> WHAT TO PRODUCE
In the material below, write out each line word for word and omit the pictures.

[[ DATASET EXTRACT open ]]

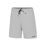 Play Shorts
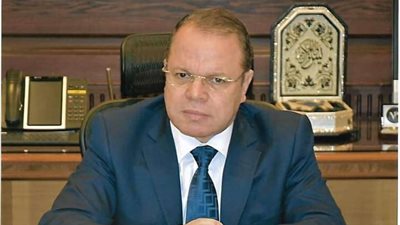 قرارات من النيابة لتسهيل استخراج تصاريح زيارة المساجين وتوكيلات المحامين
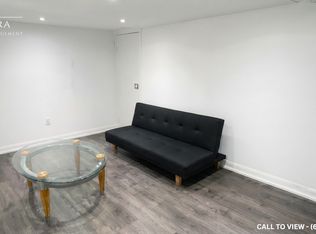 458 Kingston Rd #2, Toronto, ON M4L 1V3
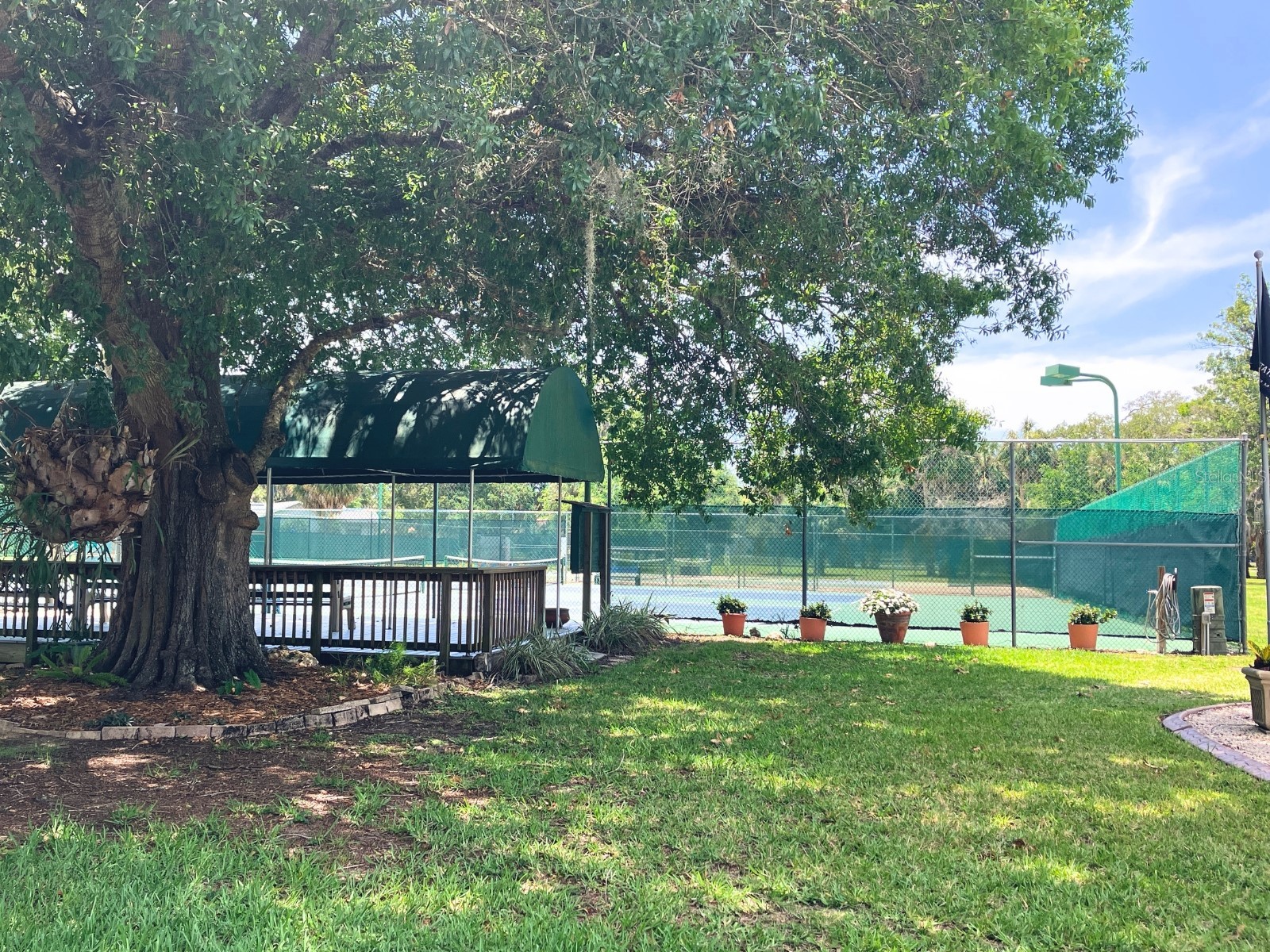11878 W Riverhaven Drive Homosassa FL 34448 W7886007 image74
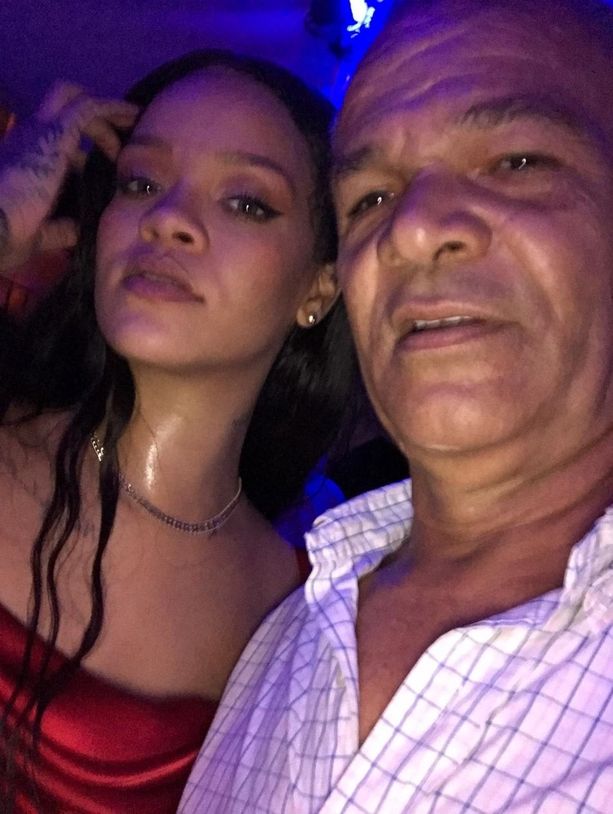 Babasının ölüm nedeni belli oldu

[[ DATASET EXTRACT closed ]]

> RESPONSE FOR THIS EXERCISE
 Play Shorts
 قرارات من النيابة لتسهيل استخراج تصاريح زيارة المساجين وتوكيلات المحامين
 458 Kingston Rd #2, Toronto, ON M4L 1V3
11878 W Riverhaven Drive Homosassa FL 34448 W7886007 image74
 Babasının ölüm nedeni belli oldu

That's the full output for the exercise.